My stepfather held onto the wall,
Drunk and thanking God my hair was short ---
My scalp the pink of a scar, the illness of an eye.
He knew only so many words. One night the word
Was implements. We practiced in the kitchen,
He with more beer, me with a coloring book
Of extinct birds. It was hard to get away ---
Elbow raking across the table,
And the pounding of fists that pounded boxes all day.
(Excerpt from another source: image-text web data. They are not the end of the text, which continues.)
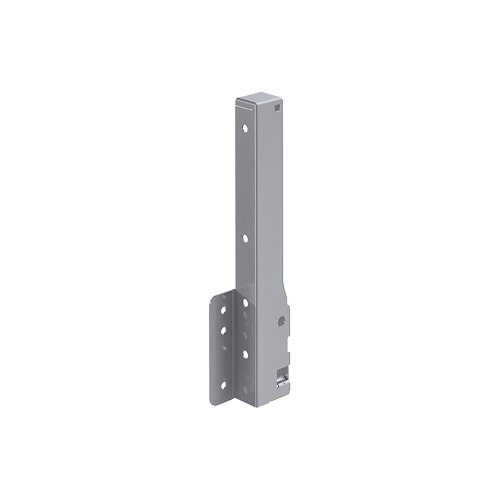 Кріплення задньої стінки Atira h=176 срібло, ліве (9027831) Hettich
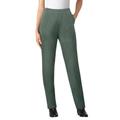 Plus Size Women's Straight Leg Ponte Knit Pant by Woman Within in Pine (Size 12 WP)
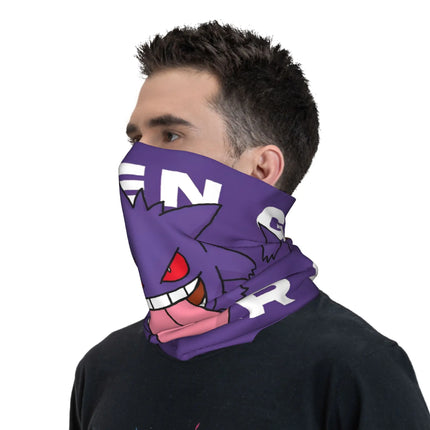 pokemoned Gengar Magic Scarf Merch Neck Gaiter  Bandana Summer Outdoor Sports Headband for Men Women Breathable
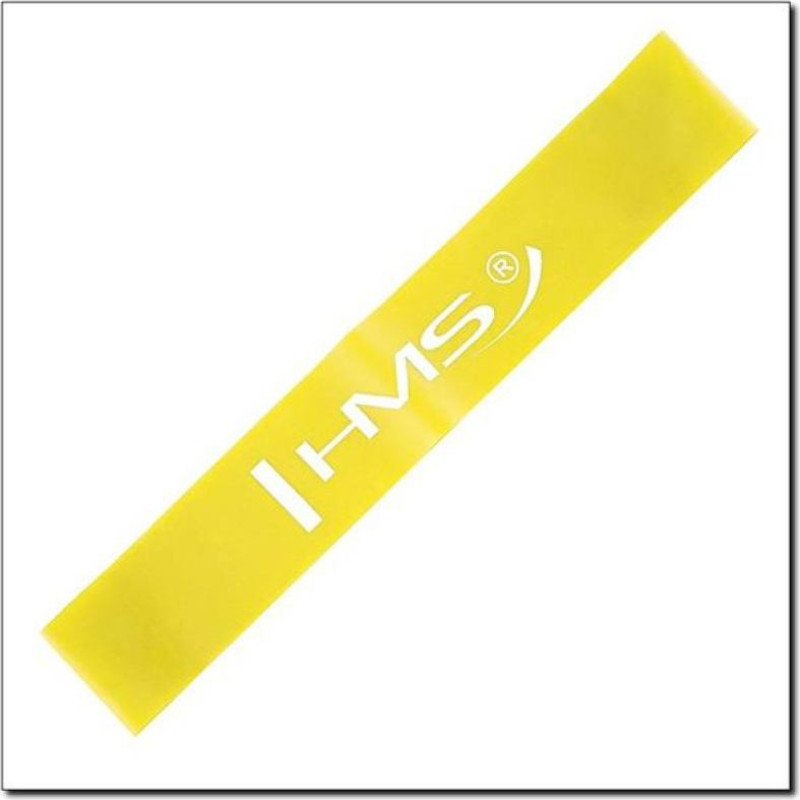 Exercise rubber HMS GU04 YELLOW 0.4 x 50 x 500 MM 17-33-010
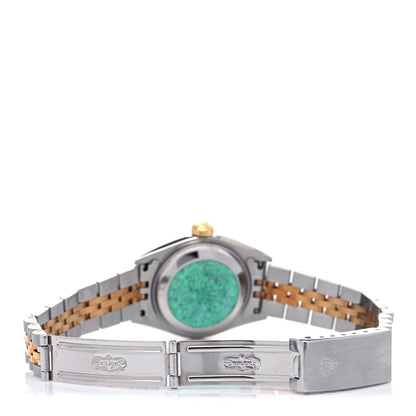 Rolex Stainless Steel 18K Yellow Gold Diamond 26mm Oyster Perpetual Datejust Watch Champagne 79173 5 of 7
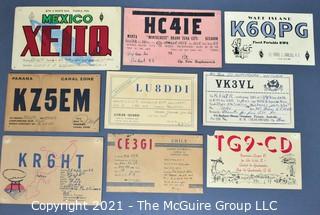 Collection of QSL Cards; circa late 1950's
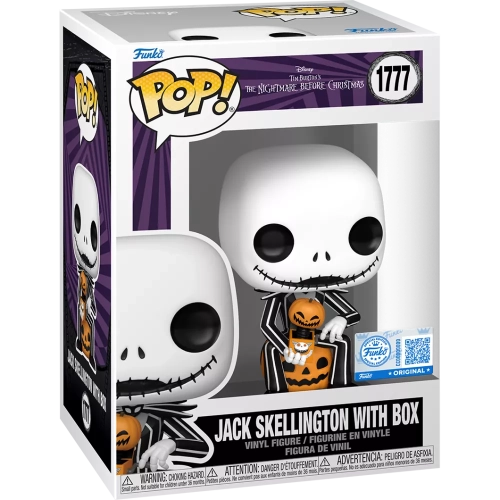 Funko Pop! Jack Skellington with Box #1777 Disney Tim Burton's The Nightmare Before Christmas Box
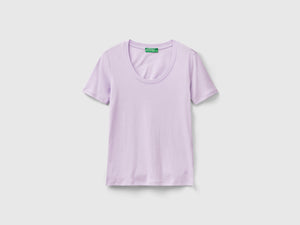 T-shirt manica corta in cotone a fibra lunga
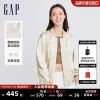 gap女装春季2024复古宽松棒球服夹克，时尚洋气搭配外套874491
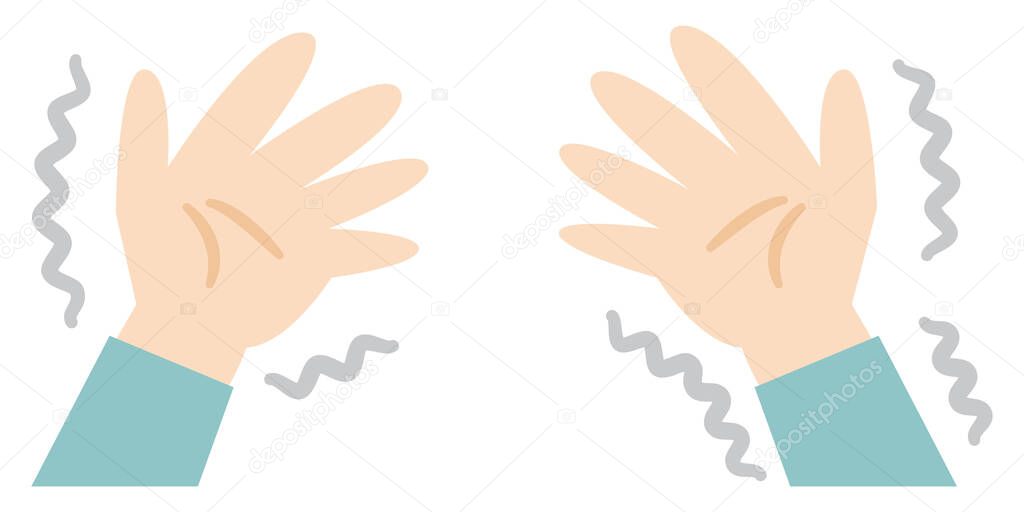 Flat illustration of hand shake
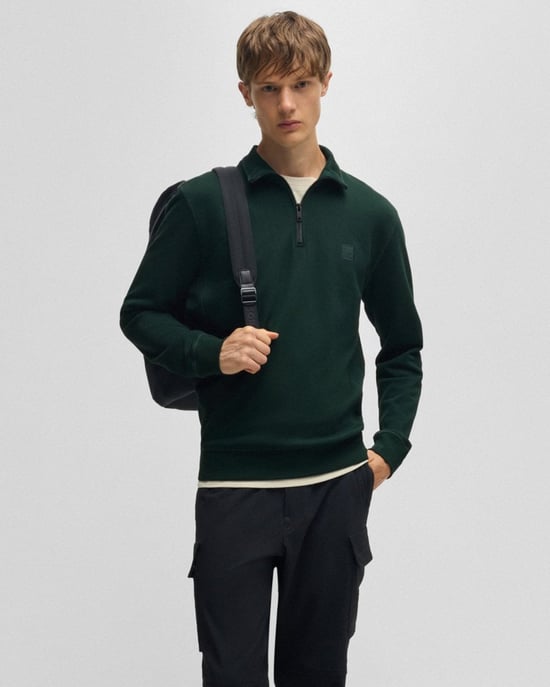 BOSS Orange Zetrust Mens 1/4 Zip Sweatshirt
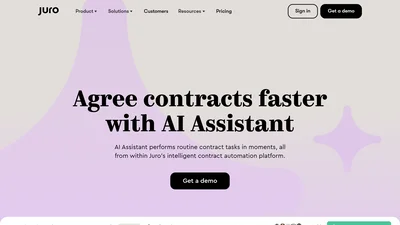 Juro's Legal AI Assistant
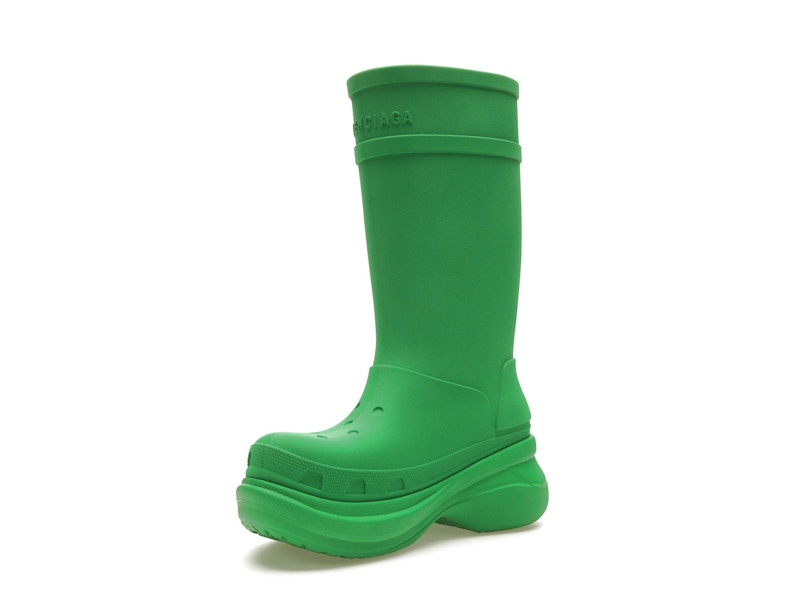 Balenciaga x Crocs Boot Bright Green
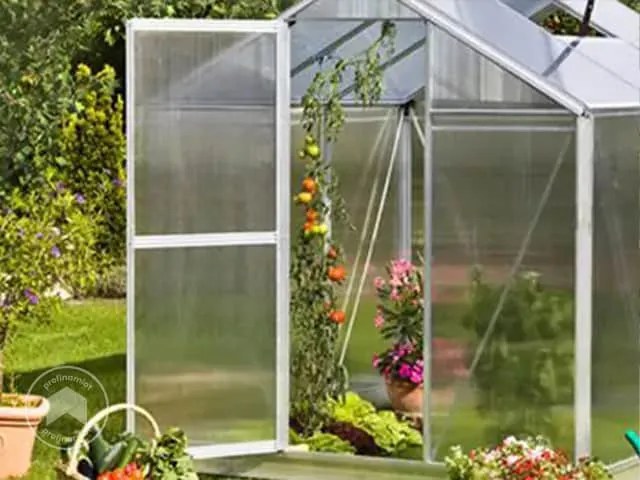 GFP 192 x 192 cm Szklarnia, w tym zestaw specjalny - XL, 6 mm dwuwarstwowe płyty - (GFPV00009)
The table wobbled and the metal screws
That held the Formica top to the legs
Loosened. He was a heavy man
While he talked. He had words for blacks,
Stalin, the yellow race that could jump up and down
And destroy us all. While he talked
I kept my hands under the table
And tightened the screws I could reach.
I was scared the table would collapse ---
The salt shaker would rain its bad luck on the floor
And Mother would crumble her face into
Her apron of butchered flowers.

When he didn't come home from work,
I sometimes pressed an ear to the table,
My fingers on the screws. I listened to faraway sounds,
The just-dead howling through strata of rock?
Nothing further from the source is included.